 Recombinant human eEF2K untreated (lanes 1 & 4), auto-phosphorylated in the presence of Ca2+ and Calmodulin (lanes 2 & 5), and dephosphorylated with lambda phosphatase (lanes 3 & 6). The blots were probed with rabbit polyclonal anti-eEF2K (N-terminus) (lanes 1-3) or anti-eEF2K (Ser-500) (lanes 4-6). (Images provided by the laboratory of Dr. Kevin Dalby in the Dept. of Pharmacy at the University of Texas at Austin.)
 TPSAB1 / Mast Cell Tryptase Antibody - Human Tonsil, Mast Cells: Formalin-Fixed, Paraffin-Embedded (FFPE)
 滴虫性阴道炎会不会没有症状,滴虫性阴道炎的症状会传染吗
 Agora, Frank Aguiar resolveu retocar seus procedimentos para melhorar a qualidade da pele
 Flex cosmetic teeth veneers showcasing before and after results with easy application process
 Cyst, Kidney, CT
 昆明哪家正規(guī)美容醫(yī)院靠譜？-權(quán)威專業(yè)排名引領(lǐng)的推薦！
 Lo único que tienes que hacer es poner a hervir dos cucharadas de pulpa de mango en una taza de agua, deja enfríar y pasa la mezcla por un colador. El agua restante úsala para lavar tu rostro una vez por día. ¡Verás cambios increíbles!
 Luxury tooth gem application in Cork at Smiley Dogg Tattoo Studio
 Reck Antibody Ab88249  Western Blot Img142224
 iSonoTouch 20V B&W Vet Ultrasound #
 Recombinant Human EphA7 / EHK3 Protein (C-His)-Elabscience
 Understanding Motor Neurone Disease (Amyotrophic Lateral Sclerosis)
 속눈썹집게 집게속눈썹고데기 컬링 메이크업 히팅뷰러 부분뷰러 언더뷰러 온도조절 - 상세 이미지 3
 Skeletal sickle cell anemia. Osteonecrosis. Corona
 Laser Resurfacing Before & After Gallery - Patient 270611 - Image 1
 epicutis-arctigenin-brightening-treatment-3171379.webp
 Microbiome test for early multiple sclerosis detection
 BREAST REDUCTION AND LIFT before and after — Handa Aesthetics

◆ ◆ ◆ ◆ ◆

[About this task]
Count each line of the listing above in which "application" appears, and give that count with nothing added.

[Exercise solution]
2